Exercise: Hunt through the entries for the word "Pink" and copy each line in which it appears.

Data listing:
----

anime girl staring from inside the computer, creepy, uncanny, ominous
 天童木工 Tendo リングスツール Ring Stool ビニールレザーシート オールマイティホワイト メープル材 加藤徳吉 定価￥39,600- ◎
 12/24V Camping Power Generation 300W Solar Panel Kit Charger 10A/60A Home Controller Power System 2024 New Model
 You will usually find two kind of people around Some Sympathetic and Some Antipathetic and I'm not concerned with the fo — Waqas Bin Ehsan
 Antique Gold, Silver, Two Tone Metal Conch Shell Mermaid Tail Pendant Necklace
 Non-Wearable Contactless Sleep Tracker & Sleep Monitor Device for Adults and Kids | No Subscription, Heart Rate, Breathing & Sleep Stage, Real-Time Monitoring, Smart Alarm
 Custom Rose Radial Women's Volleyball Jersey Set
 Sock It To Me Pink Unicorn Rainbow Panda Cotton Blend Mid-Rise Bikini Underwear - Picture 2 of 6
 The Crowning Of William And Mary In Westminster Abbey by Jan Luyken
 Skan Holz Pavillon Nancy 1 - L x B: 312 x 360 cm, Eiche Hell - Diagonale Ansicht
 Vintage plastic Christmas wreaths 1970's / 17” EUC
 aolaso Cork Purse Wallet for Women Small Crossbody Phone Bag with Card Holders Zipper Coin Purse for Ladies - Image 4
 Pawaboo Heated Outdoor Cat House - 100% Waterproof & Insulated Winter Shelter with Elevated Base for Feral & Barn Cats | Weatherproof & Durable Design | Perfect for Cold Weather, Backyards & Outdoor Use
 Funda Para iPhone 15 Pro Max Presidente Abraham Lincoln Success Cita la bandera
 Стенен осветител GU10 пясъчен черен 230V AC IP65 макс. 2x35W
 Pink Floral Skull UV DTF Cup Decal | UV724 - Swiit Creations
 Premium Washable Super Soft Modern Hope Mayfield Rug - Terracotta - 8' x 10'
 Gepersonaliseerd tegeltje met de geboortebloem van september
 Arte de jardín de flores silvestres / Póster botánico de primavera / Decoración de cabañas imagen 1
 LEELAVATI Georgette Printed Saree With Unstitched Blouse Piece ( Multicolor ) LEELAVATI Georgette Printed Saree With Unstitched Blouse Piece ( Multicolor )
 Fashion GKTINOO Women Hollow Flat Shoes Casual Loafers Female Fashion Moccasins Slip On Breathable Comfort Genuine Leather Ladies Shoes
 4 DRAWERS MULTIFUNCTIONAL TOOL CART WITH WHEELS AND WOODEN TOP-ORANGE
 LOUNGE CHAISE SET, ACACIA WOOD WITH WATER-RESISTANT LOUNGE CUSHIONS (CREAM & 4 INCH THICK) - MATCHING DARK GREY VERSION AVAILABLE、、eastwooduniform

----

Exercise solution:
 Sock It To Me Pink Unicorn Rainbow Panda Cotton Blend Mid-Rise Bikini Underwear - Picture 2 of 6
 Pink Floral Skull UV DTF Cup Decal | UV724 - Swiit Creations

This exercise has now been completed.